Violenza sulle donne, Caterina: “Ha provato a uccidermi e non è mai finito in carcere”

ROMA – “Quando ho sentito del caso di Ardea mi è salito un senso di ingiustizia, anche se la vicenda non è paragonabile alla mia. Sono tragedie che possono essere evitate, ma la beffa è data dal non riconoscimento pubblico dei danni esistenziali, dai processi lumaca e dall’assenza di risarcimenti alle vittime. Non c’è certezza della pena”. A parlare con l’agenzia Dire è Caterina (nome di fantasia) che ha deciso di raccontare la sua storia drammatica, avvenuta nel 2004 a Roma. Un vicino di casa, un ragazzo poco più che ventenne, ha provato ad uccidere lei e sua madre. Gli è stato riconosciuto un parziale vizio di mente e ha avuto una condanna a 4 anni e 20 giorni.

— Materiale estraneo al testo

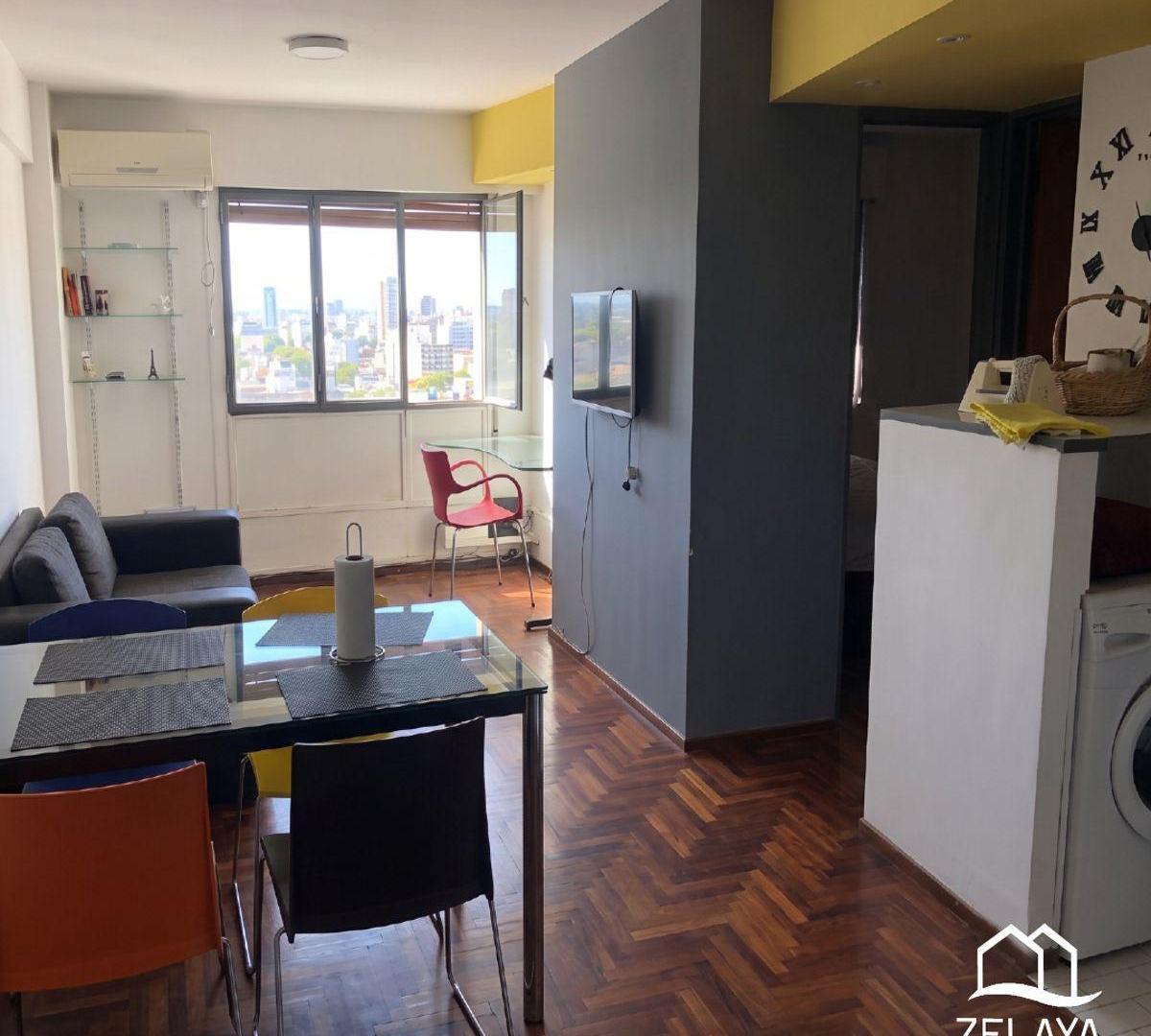 Foto de DEPARTAMENTO AMOBLADO EN ALQUILER - 1 DORMITORIO | CENTRO (AV. COLÓN, imagen 3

Fermato nella sua follia omicida solo da un poliziotto che ha dato l’allarme mentre l’uomo si metteva in macchina per fare forse chissà quale Far West. È a casa con sua figlia piccola e non riesce a dimenticare la triste cronaca di Ardea: i fratellini e l’anziano uccisi da Andrea Pignani, già in passato sottoposto a consulenza psichiatrica. Per il carnefice di Caterina non si sono mai davvero aperte le porte del carcere.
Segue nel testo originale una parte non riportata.